··· Supplied records ···

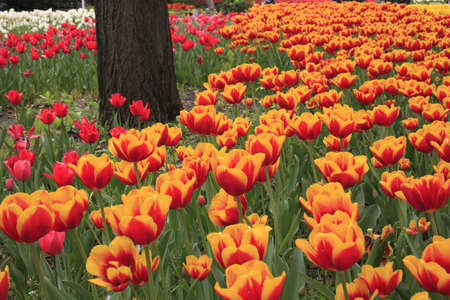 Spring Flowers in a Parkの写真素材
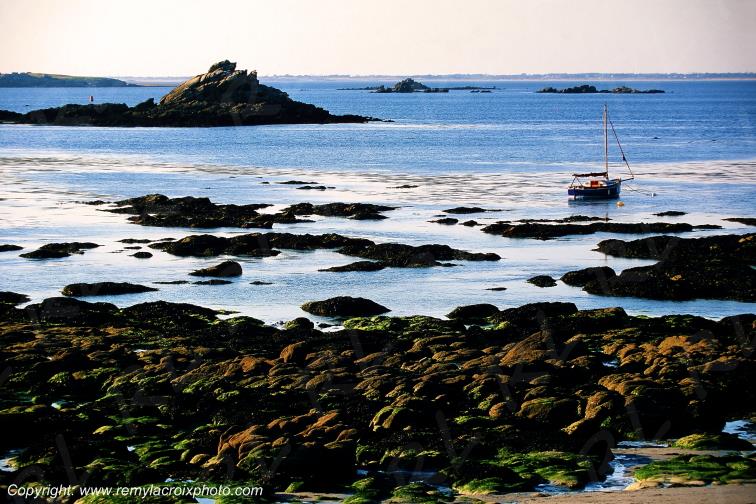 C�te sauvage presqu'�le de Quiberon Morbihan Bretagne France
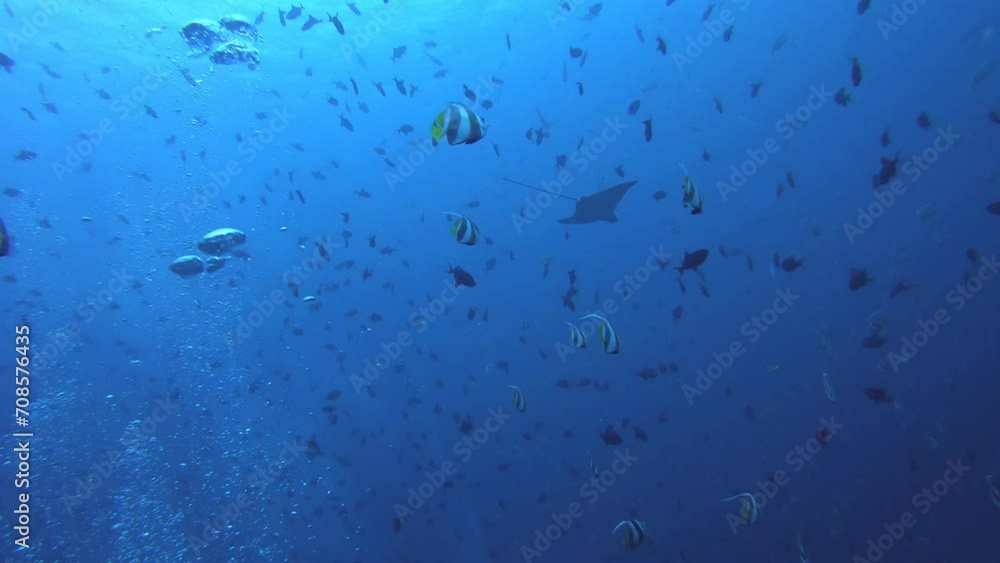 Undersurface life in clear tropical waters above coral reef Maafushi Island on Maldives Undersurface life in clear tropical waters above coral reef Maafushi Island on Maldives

···
··· Supplied records ···

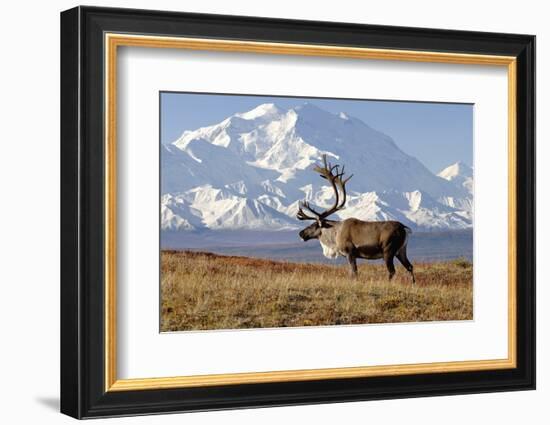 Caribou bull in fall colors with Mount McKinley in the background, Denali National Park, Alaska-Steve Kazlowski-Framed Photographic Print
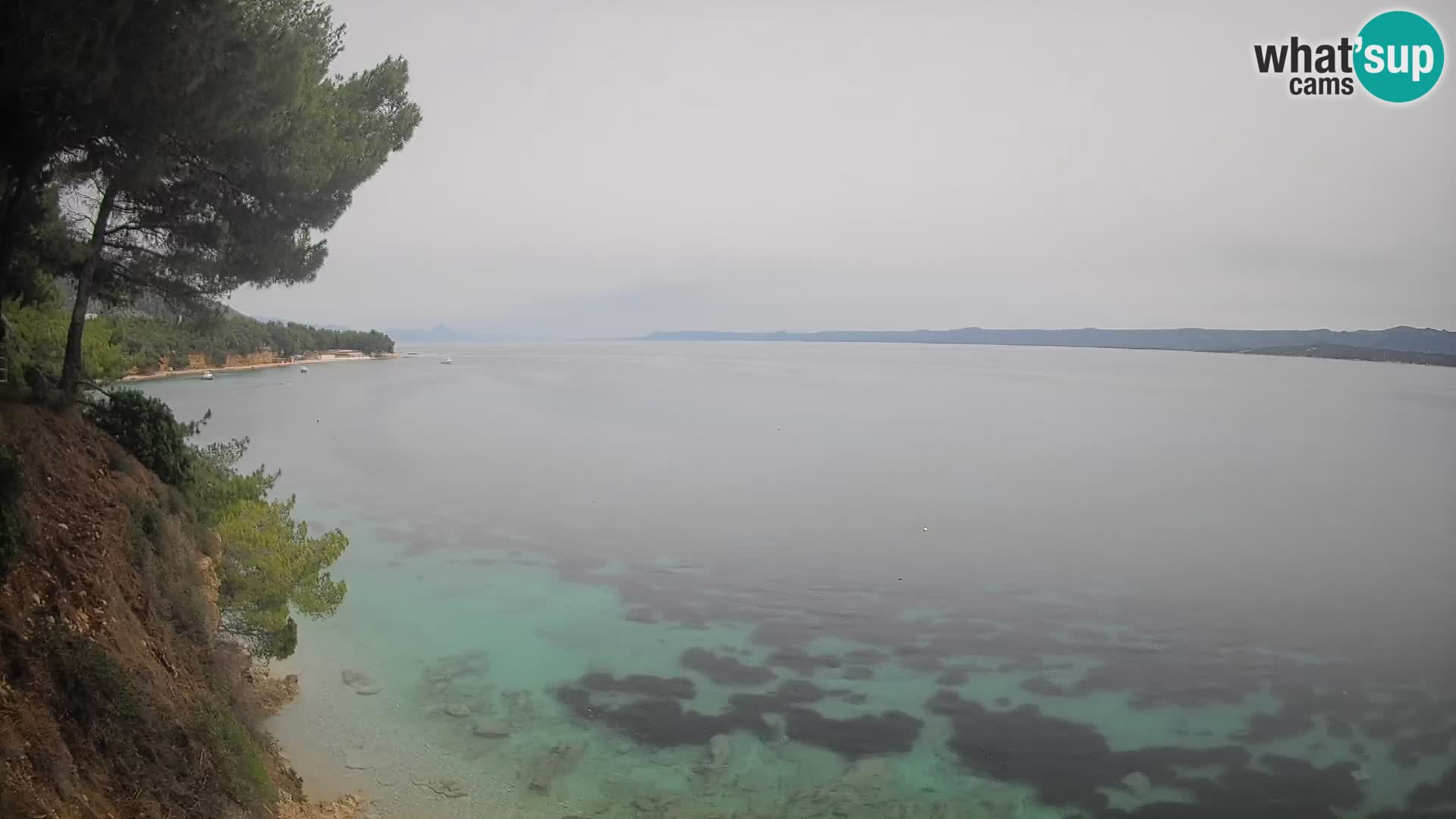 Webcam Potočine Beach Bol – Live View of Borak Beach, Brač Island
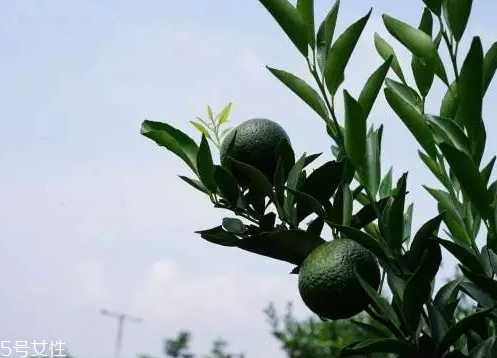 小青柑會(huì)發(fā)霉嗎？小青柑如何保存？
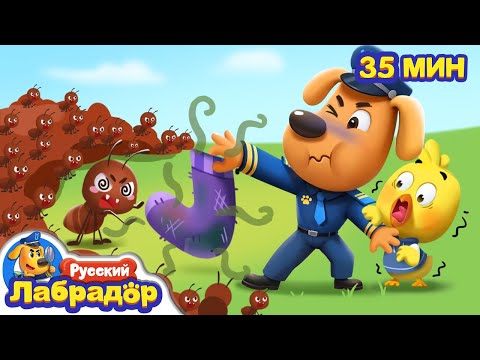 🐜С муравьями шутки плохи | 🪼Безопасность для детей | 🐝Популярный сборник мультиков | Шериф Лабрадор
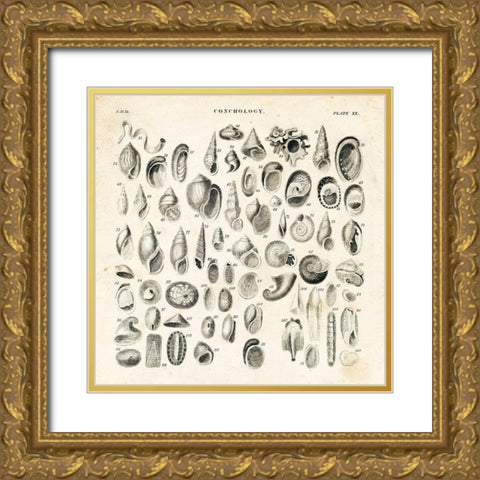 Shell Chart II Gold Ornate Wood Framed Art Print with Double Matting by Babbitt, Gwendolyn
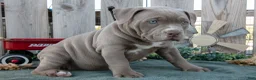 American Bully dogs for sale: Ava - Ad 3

···

• Work instructions
Would you output only the span of the records above that opens with the line containing "Caribou bull in" and closes with the line containing "American Bully dogs for sale: Ava - Ad 3", ends included and pictures dropped?

• Result of this exercise
 Caribou bull in fall colors with Mount McKinley in the background, Denali National Park, Alaska-Steve Kazlowski-Framed Photographic Print
 Webcam Potočine Beach Bol – Live View of Borak Beach, Brač Island
 小青柑會(huì)發(fā)霉嗎？小青柑如何保存？
 🐜С муравьями шутки плохи | 🪼Безопасность для детей | 🐝Популярный сборник мультиков | Шериф Лабрадор
 Shell Chart II Gold Ornate Wood Framed Art Print with Double Matting by Babbitt, Gwendolyn
 American Bully dogs for sale: Ava - Ad 3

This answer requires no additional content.